Pecihitam.org – Kemunculan mata air Zam-Zam memiliki kisah yang sangat mengharukan. Dimana dikisah itu diperlihatkan perjuangan seorang ibu yang mencarikan air minum untuk anaknya yakni Nabi Ismail.
Adapun awal mula kisah ini terjadi ketika Hajar mulai menyusui Ismail dan minum dari air persediaan. Hingga ketika air yang ada pada geriba habis, dia menjadi haus, begitu juga anaknya. Lalu hajar memandang Ismail sang bayi yang sedang meronta-ronta, karena tidak kuat melihat keadaan Nabi Ismail, kemudian Hajar pergi meninggalkan Ismail dan mencari sumber mata air terdekat serta mencari pertolongan.
Maka dia mendatangi bukit Shafa sebagai gunung yang paling dekat
keberadaannya dengannya. Sesampainya di puncak bukit Shafa, Dia berdiri dan menghadap ke arah lembah dengan harapan dapat melihat orang di sana namun dia tidak melihat seorang pun. Maka dia turun dari bukit Shafa dan ketika sampai di lembah, dia menyingsingkan ujung pakaiannya lalu berjuang dengan keras mencari bantuan orang lain, hingga ketika dia dapat melewati lembah dan sampai di bukit Marwah lalu berdiri di sana sambil melihat-lihat apakah ada orang di sana namun dia tidak melihat ada seorang pun. Berulang-ulang kali Hajar melakukan hal seperti itu sebanyak tujuh kali (antara bukit Shafa dan Marwah).
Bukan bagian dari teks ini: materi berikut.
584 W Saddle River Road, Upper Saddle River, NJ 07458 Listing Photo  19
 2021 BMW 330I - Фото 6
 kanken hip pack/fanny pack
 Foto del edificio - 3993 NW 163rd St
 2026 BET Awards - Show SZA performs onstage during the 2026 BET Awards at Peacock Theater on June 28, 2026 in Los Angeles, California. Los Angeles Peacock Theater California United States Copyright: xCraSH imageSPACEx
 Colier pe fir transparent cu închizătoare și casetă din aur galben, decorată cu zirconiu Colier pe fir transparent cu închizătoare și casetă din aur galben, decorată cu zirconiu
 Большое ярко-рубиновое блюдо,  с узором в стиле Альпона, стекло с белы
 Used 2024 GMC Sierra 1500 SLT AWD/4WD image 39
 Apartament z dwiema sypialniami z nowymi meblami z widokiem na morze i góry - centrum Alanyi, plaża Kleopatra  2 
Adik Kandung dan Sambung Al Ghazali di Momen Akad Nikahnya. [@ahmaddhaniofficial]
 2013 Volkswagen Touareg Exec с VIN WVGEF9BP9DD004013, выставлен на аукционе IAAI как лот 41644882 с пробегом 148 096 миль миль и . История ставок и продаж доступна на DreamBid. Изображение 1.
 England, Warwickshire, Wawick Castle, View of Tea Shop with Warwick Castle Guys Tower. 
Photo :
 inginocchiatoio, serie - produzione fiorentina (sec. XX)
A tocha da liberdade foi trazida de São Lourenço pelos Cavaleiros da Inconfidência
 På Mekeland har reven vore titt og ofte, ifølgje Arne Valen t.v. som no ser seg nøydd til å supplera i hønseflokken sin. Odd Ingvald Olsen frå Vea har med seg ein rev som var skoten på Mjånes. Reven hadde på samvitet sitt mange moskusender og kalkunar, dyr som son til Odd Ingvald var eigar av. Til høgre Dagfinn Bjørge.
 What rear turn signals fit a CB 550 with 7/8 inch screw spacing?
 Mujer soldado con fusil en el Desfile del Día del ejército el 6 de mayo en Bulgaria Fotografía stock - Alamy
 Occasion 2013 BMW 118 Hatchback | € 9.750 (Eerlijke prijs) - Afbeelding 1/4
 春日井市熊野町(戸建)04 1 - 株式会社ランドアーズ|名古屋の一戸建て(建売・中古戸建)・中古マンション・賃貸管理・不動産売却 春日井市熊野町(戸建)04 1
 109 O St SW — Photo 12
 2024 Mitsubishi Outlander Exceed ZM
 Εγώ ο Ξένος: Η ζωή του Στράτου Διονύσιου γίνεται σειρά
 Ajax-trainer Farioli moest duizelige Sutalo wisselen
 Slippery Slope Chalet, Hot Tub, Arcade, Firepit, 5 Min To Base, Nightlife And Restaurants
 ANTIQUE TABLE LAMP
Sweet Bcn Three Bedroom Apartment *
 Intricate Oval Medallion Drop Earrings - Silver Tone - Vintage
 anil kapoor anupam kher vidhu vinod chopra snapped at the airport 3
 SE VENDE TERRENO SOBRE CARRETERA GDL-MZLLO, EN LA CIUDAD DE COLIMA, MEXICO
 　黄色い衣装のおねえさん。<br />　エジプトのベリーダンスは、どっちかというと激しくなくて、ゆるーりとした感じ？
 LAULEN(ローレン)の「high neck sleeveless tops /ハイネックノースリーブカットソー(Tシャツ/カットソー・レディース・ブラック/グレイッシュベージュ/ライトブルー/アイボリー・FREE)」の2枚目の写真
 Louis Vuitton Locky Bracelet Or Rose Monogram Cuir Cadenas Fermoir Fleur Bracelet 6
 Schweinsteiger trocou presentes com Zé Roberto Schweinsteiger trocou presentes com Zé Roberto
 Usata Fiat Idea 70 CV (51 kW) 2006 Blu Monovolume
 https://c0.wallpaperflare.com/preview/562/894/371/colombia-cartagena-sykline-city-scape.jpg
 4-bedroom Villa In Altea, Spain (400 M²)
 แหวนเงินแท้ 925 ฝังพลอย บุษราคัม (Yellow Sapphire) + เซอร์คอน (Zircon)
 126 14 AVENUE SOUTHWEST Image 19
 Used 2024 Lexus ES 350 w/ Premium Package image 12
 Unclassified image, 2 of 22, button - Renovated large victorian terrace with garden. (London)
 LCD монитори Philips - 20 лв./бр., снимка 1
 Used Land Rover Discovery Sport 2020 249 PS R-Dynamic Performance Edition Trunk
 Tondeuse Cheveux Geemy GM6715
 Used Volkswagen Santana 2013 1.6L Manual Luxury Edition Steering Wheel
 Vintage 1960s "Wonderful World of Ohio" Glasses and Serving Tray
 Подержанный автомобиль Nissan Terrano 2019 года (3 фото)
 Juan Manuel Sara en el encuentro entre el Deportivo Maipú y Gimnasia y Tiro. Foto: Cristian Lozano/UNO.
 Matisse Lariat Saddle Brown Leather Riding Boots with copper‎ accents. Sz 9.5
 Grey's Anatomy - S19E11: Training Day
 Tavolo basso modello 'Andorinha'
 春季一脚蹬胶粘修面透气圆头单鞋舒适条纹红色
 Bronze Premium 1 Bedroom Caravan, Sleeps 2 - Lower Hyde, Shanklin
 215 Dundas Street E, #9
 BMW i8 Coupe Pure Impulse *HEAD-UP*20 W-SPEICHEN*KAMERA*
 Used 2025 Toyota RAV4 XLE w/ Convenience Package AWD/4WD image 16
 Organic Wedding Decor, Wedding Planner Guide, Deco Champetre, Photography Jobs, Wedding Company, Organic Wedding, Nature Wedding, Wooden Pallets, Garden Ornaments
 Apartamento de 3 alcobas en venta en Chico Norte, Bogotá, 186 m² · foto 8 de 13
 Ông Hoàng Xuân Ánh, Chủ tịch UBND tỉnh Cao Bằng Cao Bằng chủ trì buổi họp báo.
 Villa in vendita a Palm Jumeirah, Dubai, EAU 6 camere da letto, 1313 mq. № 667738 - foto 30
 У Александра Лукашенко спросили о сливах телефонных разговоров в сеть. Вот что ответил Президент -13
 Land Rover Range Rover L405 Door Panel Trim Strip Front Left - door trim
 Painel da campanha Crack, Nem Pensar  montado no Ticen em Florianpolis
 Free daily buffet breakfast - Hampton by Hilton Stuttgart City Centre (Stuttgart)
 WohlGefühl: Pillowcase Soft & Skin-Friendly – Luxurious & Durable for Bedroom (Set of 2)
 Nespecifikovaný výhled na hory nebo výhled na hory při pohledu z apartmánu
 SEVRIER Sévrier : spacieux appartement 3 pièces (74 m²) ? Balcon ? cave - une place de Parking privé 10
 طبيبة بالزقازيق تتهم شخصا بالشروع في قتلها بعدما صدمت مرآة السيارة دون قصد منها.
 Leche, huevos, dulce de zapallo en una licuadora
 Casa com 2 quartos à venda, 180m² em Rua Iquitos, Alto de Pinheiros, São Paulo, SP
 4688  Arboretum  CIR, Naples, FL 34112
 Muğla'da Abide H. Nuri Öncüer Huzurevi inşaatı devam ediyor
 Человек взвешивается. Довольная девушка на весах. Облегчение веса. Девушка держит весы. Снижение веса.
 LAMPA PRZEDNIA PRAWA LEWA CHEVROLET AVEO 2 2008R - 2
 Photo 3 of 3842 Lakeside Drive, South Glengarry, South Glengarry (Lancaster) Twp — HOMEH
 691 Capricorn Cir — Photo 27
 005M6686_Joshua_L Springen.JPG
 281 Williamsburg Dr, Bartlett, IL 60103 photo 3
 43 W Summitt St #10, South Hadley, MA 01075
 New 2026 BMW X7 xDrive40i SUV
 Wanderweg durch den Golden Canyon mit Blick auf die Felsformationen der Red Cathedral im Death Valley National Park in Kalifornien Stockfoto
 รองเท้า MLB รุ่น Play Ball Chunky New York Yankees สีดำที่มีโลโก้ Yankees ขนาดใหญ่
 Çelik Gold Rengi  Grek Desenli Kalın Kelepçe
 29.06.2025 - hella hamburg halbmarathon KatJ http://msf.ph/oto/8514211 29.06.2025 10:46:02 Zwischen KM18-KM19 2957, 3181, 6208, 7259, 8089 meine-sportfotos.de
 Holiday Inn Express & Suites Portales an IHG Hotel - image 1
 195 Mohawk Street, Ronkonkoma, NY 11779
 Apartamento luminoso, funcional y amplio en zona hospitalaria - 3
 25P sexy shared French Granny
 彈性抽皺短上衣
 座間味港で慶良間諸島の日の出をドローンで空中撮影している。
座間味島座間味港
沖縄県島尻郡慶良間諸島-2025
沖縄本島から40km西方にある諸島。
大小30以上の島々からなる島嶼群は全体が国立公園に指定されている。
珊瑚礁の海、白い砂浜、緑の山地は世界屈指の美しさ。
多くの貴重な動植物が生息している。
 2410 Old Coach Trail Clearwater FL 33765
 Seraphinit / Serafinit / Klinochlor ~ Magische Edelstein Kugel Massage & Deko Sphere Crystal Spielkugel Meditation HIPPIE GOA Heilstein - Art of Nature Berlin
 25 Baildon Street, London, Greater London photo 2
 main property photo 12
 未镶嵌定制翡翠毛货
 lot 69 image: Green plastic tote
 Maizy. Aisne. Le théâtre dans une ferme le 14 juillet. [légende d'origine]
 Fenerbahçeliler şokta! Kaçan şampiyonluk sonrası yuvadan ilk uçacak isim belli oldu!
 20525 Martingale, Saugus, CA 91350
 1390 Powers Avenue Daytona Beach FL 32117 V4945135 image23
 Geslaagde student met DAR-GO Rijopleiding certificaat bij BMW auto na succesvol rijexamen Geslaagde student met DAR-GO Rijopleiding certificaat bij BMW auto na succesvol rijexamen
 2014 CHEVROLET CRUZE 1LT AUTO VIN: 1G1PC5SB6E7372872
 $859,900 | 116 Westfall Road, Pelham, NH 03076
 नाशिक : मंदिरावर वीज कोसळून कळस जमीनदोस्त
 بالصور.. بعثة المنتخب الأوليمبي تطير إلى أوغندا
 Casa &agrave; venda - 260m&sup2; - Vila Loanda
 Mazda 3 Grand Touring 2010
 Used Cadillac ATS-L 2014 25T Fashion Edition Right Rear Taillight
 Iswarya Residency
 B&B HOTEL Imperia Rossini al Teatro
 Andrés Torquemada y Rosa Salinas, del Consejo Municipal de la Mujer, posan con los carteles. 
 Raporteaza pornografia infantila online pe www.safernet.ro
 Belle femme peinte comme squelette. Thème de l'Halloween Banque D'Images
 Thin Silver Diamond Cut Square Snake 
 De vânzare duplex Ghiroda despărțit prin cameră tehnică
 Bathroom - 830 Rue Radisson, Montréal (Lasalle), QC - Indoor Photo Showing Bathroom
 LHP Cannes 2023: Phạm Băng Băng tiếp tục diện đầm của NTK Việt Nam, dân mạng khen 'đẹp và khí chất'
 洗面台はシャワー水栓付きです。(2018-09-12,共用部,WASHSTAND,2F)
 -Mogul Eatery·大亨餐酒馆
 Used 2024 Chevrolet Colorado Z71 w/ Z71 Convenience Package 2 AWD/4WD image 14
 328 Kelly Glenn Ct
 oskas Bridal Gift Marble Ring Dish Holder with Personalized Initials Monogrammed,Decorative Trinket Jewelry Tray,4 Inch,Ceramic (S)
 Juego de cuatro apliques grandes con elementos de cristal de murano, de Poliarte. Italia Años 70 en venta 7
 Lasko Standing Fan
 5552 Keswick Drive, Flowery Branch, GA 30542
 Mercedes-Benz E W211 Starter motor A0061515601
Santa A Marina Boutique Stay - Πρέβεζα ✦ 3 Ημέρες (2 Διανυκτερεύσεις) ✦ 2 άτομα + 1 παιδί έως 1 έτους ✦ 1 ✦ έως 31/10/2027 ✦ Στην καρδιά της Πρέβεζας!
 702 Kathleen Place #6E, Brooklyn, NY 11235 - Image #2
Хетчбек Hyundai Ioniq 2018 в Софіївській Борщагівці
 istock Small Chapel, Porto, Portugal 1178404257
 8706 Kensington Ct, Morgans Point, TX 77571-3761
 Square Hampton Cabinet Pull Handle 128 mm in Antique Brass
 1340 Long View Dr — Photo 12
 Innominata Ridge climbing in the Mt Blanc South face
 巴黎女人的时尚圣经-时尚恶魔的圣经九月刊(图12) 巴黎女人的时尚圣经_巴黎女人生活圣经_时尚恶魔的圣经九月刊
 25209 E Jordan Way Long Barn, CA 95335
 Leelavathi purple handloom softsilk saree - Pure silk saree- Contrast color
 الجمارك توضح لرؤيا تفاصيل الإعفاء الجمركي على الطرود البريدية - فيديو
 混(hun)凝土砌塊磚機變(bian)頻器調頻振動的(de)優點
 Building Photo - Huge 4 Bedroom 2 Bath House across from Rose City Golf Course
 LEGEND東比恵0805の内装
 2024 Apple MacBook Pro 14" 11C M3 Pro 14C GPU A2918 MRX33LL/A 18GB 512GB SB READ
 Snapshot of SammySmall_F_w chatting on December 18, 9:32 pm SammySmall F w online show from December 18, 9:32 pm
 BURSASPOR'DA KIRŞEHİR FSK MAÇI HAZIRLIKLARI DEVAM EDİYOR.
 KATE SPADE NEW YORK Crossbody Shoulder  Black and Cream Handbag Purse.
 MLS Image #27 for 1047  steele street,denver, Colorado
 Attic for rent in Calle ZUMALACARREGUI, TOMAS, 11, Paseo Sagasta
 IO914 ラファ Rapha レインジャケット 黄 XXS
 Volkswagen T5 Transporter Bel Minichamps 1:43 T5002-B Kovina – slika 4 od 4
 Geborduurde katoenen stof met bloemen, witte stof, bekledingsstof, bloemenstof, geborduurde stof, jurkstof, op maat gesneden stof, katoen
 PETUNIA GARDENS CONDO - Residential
Saat dia berada di puncak Marwah, dia mendengar ada suara, lalu dia berkata dalam hatinya “diamlah” yang Hajar maksud adalah dirinya sendiri. Kemudian dia berusaha mendengarkannya maka dia dapat mendengar suara itu lagi, lalu dia berkata, “jika engkau bermaksud memberikan bantuan, Engkau telah memperdengarkan suaramu.”Ternyata suara yang didengar Hajar adalah suara Nabi Ismail yang menangis karena kehausan, karena hal tersebut Nabi Ismail menghentakan kakinya ke pasir maka keluar lah air. Dari situlah awal mulanya mata air zam-zam. Dan Akhirnya Hajar dapat minum air dan menyusui anaknya kembali. Kemudian malaikat Jibril berkata kepadanya, “Janganlah kamu takut akan ditelantarkan, karena di sini adalah rumah Allah, yang kelak akan dibangun oleh anak ini dan ayahnya dan sesungguhnya Allah tidak akan menyianyiakan hamba-Nya.”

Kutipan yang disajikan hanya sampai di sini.